Приходя после лекции домой, я сейчас же ложился, даже и в дневное время, в постель, чтобы согреться.

Появилась острая горловая болезнь, затруднявшая речь. Сходил в клинику Военно-Медицинской Академии; врач констатировал атрофический катар слизистой оболочки горла, который стал распространяться на слизистую оболочку ушей, глаз, носа...

Доктор предписал энергичные меры и сделал предупреждение о серьезной опасности.

При таком состоянии я прочел в Петербурге 15 лекций. Но после этого, уже приехав в Москву, я почти не мог говорить и погрузился в невольное молчание приблизительно на три месяца. Жизнь в лесу, солнечные лучи, пост и молитва восстановили меня, и к осени я, к великой своей радости, опять мог «служить словом».

Конечно, я побегал по Петрограду, который так дорог для меня своими студенческими воспоминаниями.

Как во сне, иду по Невскому проспекту; захожу в Казанский собор.

Там дальше Мойка, где мы собирались тесной студенческой семьей вокруг П. Н. Николаи, который так задушевно и просто изъяснял нам глубины Евангелия. (Это было лет 25 тому назад.)

Иду мимо Зимнего Дворца. Его красная колоссальная громада о чем-то угрюмо молчит. Чего только он не видел своими широкими зеркальными окнами? И патриотические манифестации в японскую войну, и страшное 9 января 1905 г., когда тысячи народа, доверчиво шедшие ко дворцу во главе со священником Гапоном, были встречены огнем, и многие, многие погибли от расстрела; а дальше — батальоны Керенского, матросы, большевики...

Теперь дворец служит лишь воспоминанием прошлого: он

 

- 218 -

превращен в Музей Революции.

А там Васильевский остров, Университет, Большой проспект. В конце его, в Галерной Гавани, за 26-ой линией, я жил в 1903 году в семье бедного рабочего, в маленькой комнатке за перегородкой. Оттуда каждый день я шагал 45 минут до Университета, на лекции...

Могучая красавица — Нева по-прежнему катит свои волны среди гранитных берегов. Переходя через Николаевский мост, останавливаюсь в одном из каменных выступов. В туманной мгле высится гигант Исаакий, а Петр, как и прежде, мчится на медном коне, который перед Невой занес свои передние ноги для прыжка и словно замер на скале...

Теперь другая железная рука поднимает Россию на дыбы и силится вправить ее в новый строй жизни. (В Москве по этому поводу читалась характерная лекция на тему: «Петр I и Ленин»); за памятником Петра Великого как и встарь — «...светла Адмиралтейская игла».

И дальше колоссальный Троицкий мост, с версту длиной. В той же стороне виднеется высокий тонкий шпиц Петропавловской крепости.
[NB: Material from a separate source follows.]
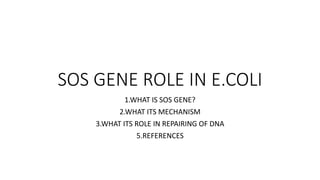 SOS GENE ROLE IN E.COLI
1.WHAT IS SOS GENE?
2.WHAT ITS MECHANISM
3.WHAT ITS ROLE IN REPAIRING OF DNA
5.REFERENCES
Оборачиваюсь назад — там в дыму и тумане вырисовываются очертания мачт и труб зимующих пароходов...

Посетил и свободную православную общину протоиерея И. Егорова. Он умер незадолго перед тем от тифа, в декабре 1921 г. Это был известный талантливый законоучитель и проповедник.

Он не примыкал ни к Живой Церкви, ни к Тихоновской, но решил со своей общиной идти самостоятельным путем*. Придя к (покойному ныне) митрополиту Петроградскому Вениамину, он заявил ему, что впредь он объявляет свою общину автономной и просит владыку не считать себя ответственным за его действия.
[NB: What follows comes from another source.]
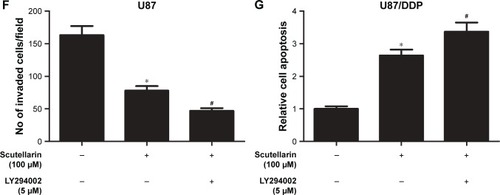 Figure 6 Scutellarin prevented the activation of PI3K/AKT/mTOR pathway in glioma cells.Notes: The protein levels of p-PI3K, p-AKT, and p-mTOR were analyzed by Western blot. (A) Representative image of Western blot. (B–D) Quantification analysis of p-PI3K/PI3K, p-Akt/Akt and p-mTOR/mTOR. U87 cells were treated by scutellarin with or without LY294002 for 24 hours. (E) Cell migration was measured using transwell assay. (F) Cell invasion was measured using matrigel-coated transwell inserts. (G) Cell apoptosis was measured using a histone/DNA ELISA detection kit. *P<0.05 vs control. #P<0.05 vs scutellarin group. Data are represented as mean ± SD of three independent experiments.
По смерти протоиерея Егорова община избрала на его место бывшего своего диакона в его заместители посредством общего возложения рук, соборне с незримо присутствующим почившим пастырем. Эта община стремится удержать всю мистику православия, даже восстановить чин богослужений, уже вышедших из церковной практики, как, например, панагию, или таких таинств, как

 


* В дни церковной разрухи подобных «автономных» православных священников. независимых от какого бы то ни было епископа и в то же время вполне ортодоксальных, было немало. Один из них называл такую церковную позицию русским пресвитерианством.

 

- 219 -

«братотворение», когда два члена общины вступают с благословения Церкви в союз личной дружбы. (06 этом древнем обряде даст глубокие объяснения П. Флоренский в упомянутой уже книге: «Столп и утверждение истины».) Богослужение в этой общине совершается на русском языке, в оригинальном переводе священника Егорова. Согласно тенденции общины в молитвах сохранены лишь те имена Божий, которые указуют на любовь Бога — такие, как Отец, Пречистый Спас. Во всем укладе общины подчеркивается соборная, братская любовь, ибо, по взглядам ее основателя, в последние времена должна открыться Иоаннова Церковь, Церковь любви.

Братская взаимопомощь лежит в основе повседневной жизни. Часто совершается причащение, но при этом вместо вина употребляется вода.